O secretário de Comunicação da CTB, Douglas Melo, e o presidente da CTB-SP, Rene Vicente afirmaram que passou da hora de acabar com as jornadas exaustivas.

“Defendemos a redução da jornada, sem redução salarial, porque essa é uma luta por dignidade, saúde, qualidade de vida, tempo para a família e valorização do trabalho. Só a mobilização conquista direitos. Vamos fortalecer essa luta juntos”, afirmaram os sindicalistas.

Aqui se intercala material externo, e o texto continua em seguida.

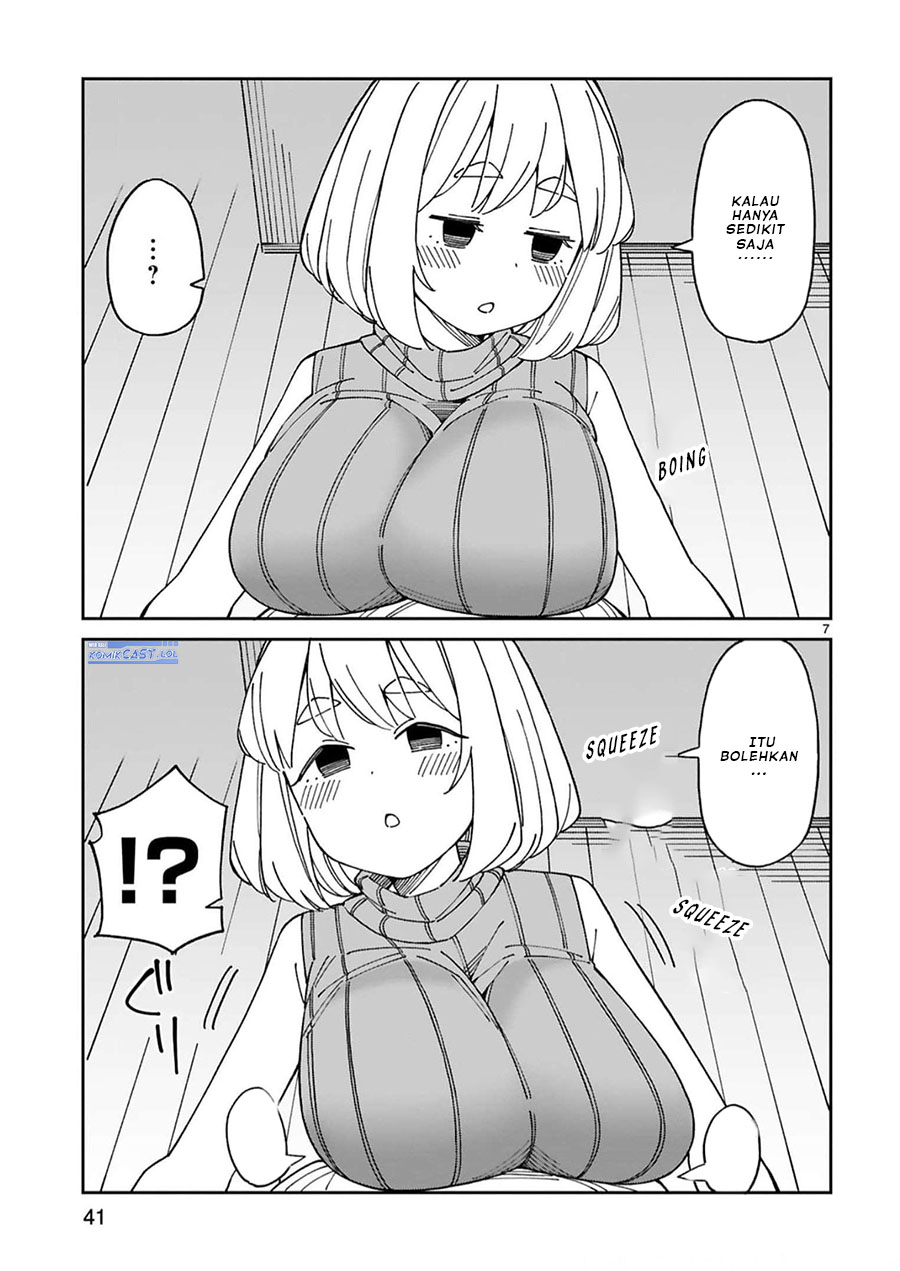 image-komik-arasaamama-no-watashi-de-ii-no-chapter-48-6/9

Representando a UGT, o diretor Josimar Andrade destacou que a mobilização precisa ultrapassar as ruas e chegar ao Congresso Nacional por meio da pressão popular organizada. Segundo ele, este é o momento de cada trabalhador participar ativamente da campanha.

“Não basta apenas participar da manifestação. Precisamos fazer uma verdadeira enxurrada de mensagens aos parlamentares, utilizando e-mails, redes sociais e contatos telefônicos com os gabinetes dos senadores. A pressão da sociedade é fundamental para que a PEC avance. Foi assim que conquistamos tantos direitos ao longo da história e será assim que conquistaremos mais essa importante vitória para a classe trabalhadora”, afirmou.

O secretário de Administração e Finanças da CUT, Ariovaldo de Camargo, afirmou que a mobilização representa um passo importante na construção de uma agenda que melhore concretamente a vida da classe trabalhadora. Segundo ele, enquanto os atos acontecem nas ruas, dirigentes das centrais sindicais articulam, em Brasília, uma estratégia para cobrar diretamente os senadores.

“Presidentes das centrais sindicais já estão em Brasília reunidos, articulando a estratégia para uma conversa nesta quarta-feira para dizer ao Alcolumbre e para aqueles senadores que vão disputar as eleições de outubro: ou tira a proposta da gaveta ou vota a favor. Aqueles que vão disputar as eleições não voltarão para o Senado Federal”, afirmou.

Adriano Lateri representou a Força Sindical SP e o Fórum das Centrais Sindicais

Mobilização em Brasília nesta quarta

Diversos representantes dos trabalhadores e de movimentos populares estão em Brasília para participar da reunião convocada pelo presidente do Senado, Davi Alcolumbre, nesta quarta-feira (1º).

Durante o encontro, eles irão debater a proposta de redução da jornada de trabalho e o fim da escala 6×1. Entre os convidados estão a líder do governo Lula no Senado, Teresa Leitão (PT-PE), os autores da PEC na Câmara dos Deputados e representantes das centrais sindicais.

“Chegou a hora de o Senado ouvir a voz das trabalhadoras e dos trabalhadores. Reduzir a jornada sem reduzir salários significa mais qualidade de vida, mais empregos e um Brasil mais justo. Vamos continuar mobilizados até que essa conquista se torne realidade”, destacou Miguel Torres, presidente da Força Sindical que vai participar do encontro desta quarta-feira.